Das erste mal nun nach der langen Zeit  war ich auf einer Mini Strecke mit 20-30cm hohen Kickern. Drüber und sauber gesprungen. Richtig schön in der Luft positionieren können und sauber, sanft gelandet. So wie hier beschrieben. Auf einem Video  hab ich dann aber gesehen, das es ein Mini Sprung   von gerade mal einem Meter oder so war.
Für einen Double oder sowas natürlich viel zu wenig.
1. Bin ich aber  einfach noch nicht fit genug um gerade  noch mal 20km/h drauf zu packen...... Jaja faul vorm TV zu liegen rächt sich nun.
Und zum anderen  verliert man natürlich so auch schnell das Vertrauen.

Über den 2mtr. Table in der Nähe bin ich kaum rüber gekommen. Da fehlte einfach das Tempo......... Den habe ich echt nur überrollt und 2km/h weniger und ich wäre auf der Rampe wieder rückwärts gerollt.

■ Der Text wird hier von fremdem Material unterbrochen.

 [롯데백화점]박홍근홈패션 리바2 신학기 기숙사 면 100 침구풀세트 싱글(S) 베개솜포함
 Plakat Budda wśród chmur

Gut war heute auch erst der  3. Tag auf dem neuen Rad. Und als ich erstmal die Schmerzen in den Oberschenkeln überwunden hatte, konnte ich auch ein wenig weider das Tempo steigern und Sprints einlegen.

Technik Training bei mir wird nun sein:
Die kleinen Sprünge mit immer mehr Tempo zu nehme und eine saubere Absprung-, Flug- und Landephase zu bekommen.
Danach schauen das die Absprünge immer höher werden so das ich einschätzen kann mit welchem Tempo ich welche Weite und Höhe erreiche.

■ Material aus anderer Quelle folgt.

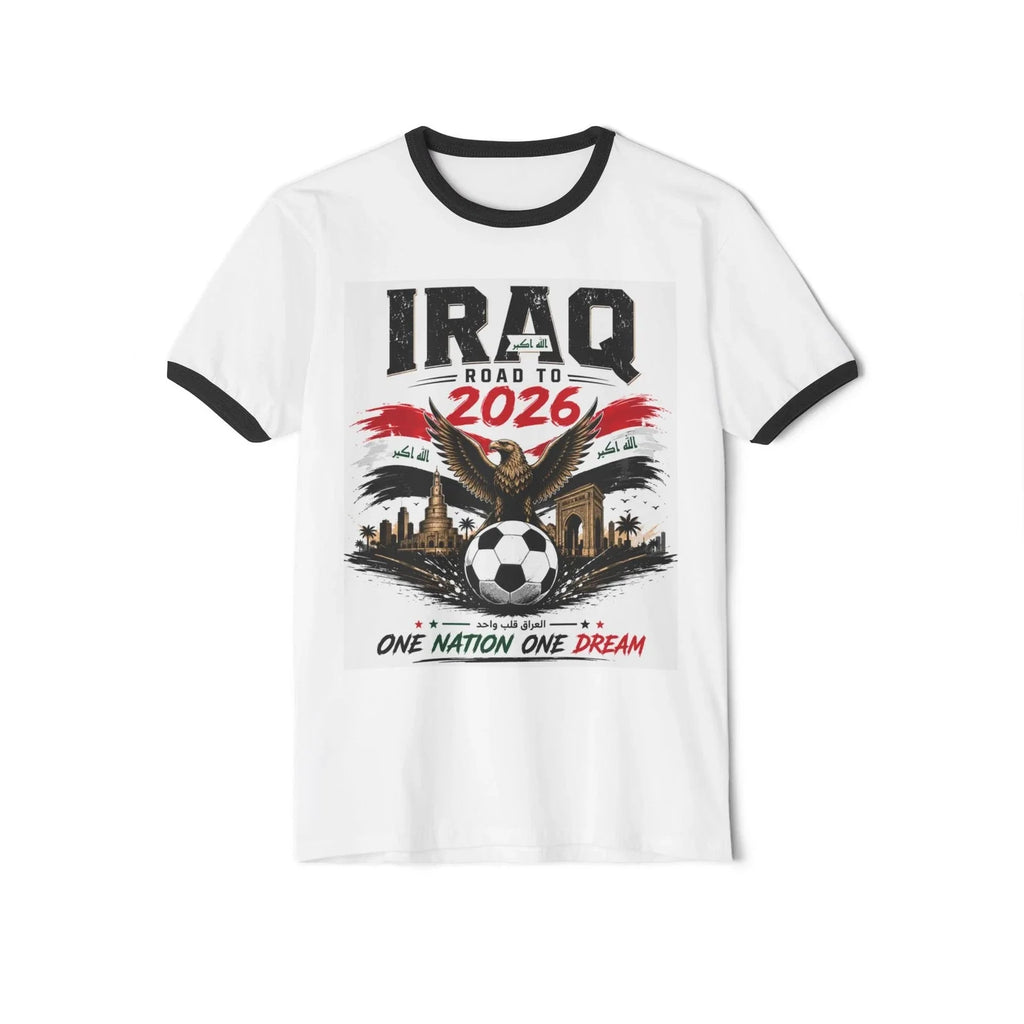 Iraq Road to 2026 Soccer | One Nation One Dream Unisex , , , Long Sleeve Tee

Kann ich das einschätzen udn habe Vertrauen zu den Sprüngen, Rad, Tempo. Landen usw. dann kann ich auch  das ganze bei 2mtr. Rampen machen.


----------



## PiR4Te (15. November 2011)

Das kann ich nur bestätigen, ich bin am WE meinen ersten Double sauber gesprungen und dabei wurde mir klar, dass ich vorher einfach zu langsam war und ihn zusätzlich mehr oder weniger weggeschluckt habe. 

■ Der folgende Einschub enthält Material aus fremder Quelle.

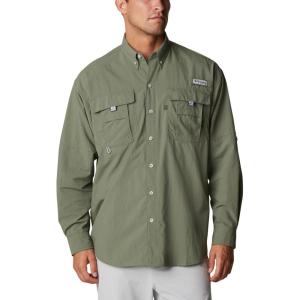 Columbia Mens Bahama Ii Long Sleeve Shirt(Cypress)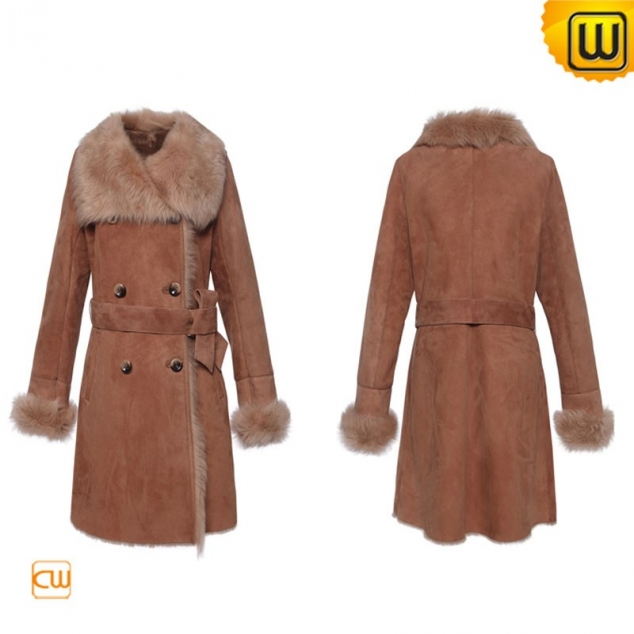 Women Toscana Shearling Coat CW640232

Mann muss anfangs schneller drauf zu fahren als man denkt, aber besser ist rantasten und immer schneller werden, wenns dann einmal klick gemacht hat gehts schon besser.

Siehe auch mein Video im Profil "erster Double"  Das kleine Ding war anfangs eine tierische Überwindung aber einen Tag danach bin ich ihn dann ohne Paletten gesprungen.
(Das waren übringens meine ersten richtig gezielten Sprungübungen) 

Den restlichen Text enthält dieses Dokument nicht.